TASK INSTRUCTIONS:
Write out every entry below exactly as it appears. Pictures do not belong in the copy.

::: DATA FOR THIS TASK :::

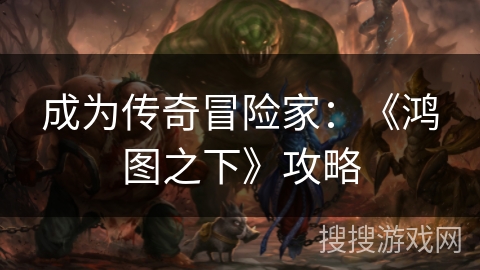 成为传奇冒险家：《鸿图之下》攻略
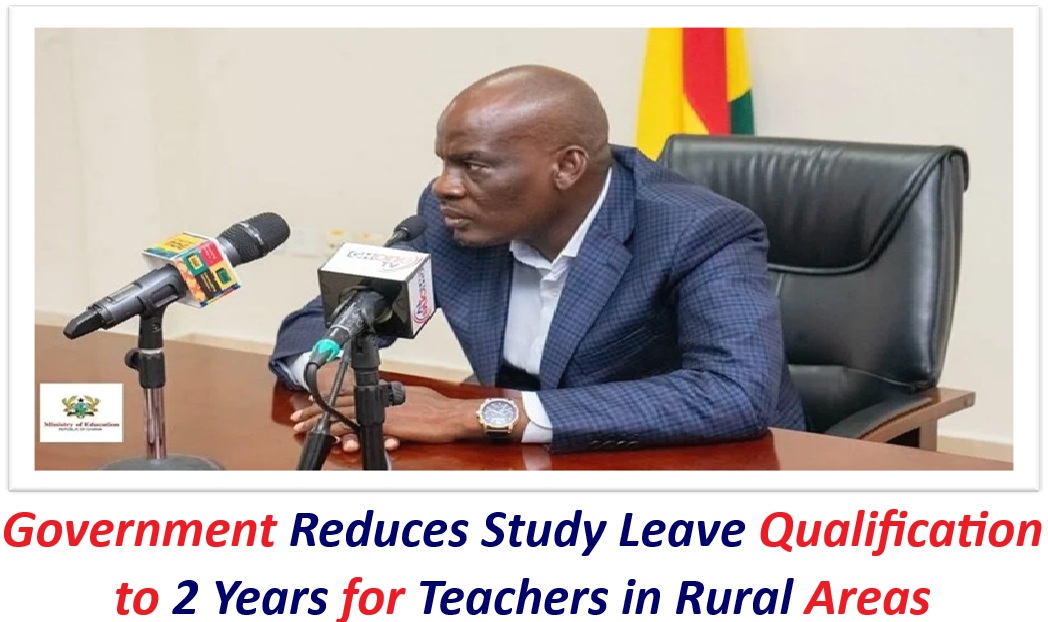 Government Reduces Study Leave Qualification to 2 Years for Teachers in Rural Areas.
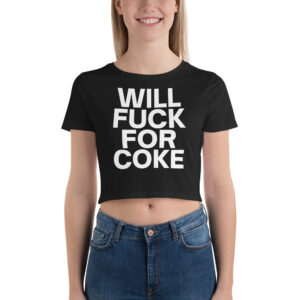 Alternative view of Will Fuck For Coke Crop Top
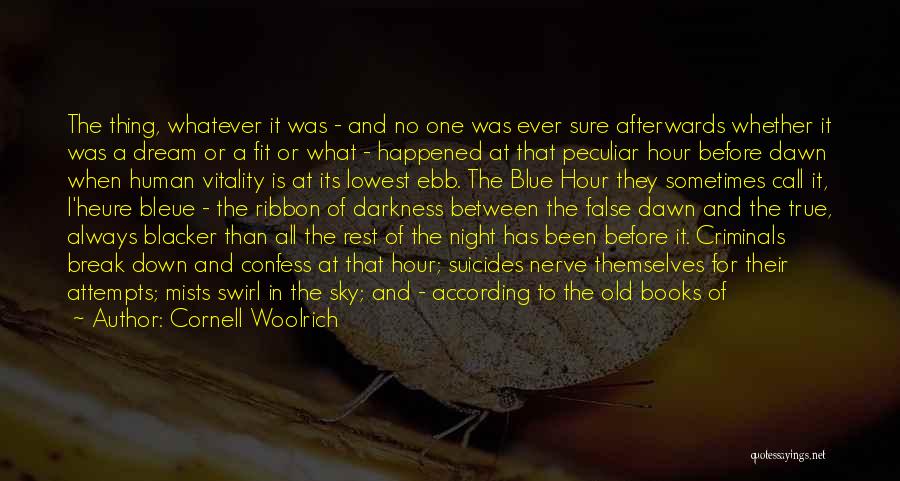 Cornell Woolrich Quotes: The Thing, Whatever It Was - And No One Was Ever Sure Afterwards Whether It Was A Dream Or A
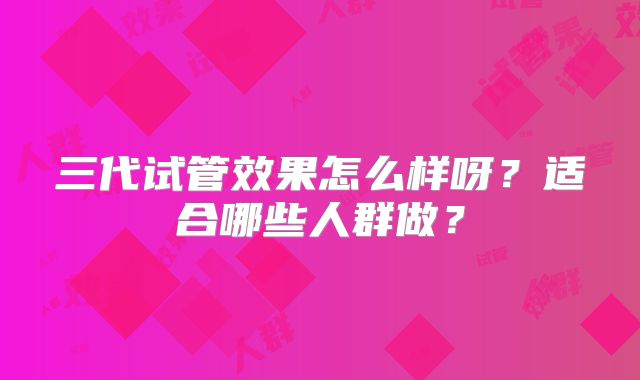 三代试管效果怎么样呀？适合哪些人群做？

:::

TASK SOLUTION:
 成为传奇冒险家：《鸿图之下》攻略
 Government Reduces Study Leave Qualification to 2 Years for Teachers in Rural Areas.
 Alternative view of Will Fuck For Coke Crop Top
 Cornell Woolrich Quotes: The Thing, Whatever It Was - And No One Was Ever Sure Afterwards Whether It Was A Dream Or A
 三代试管效果怎么样呀？适合哪些人群做？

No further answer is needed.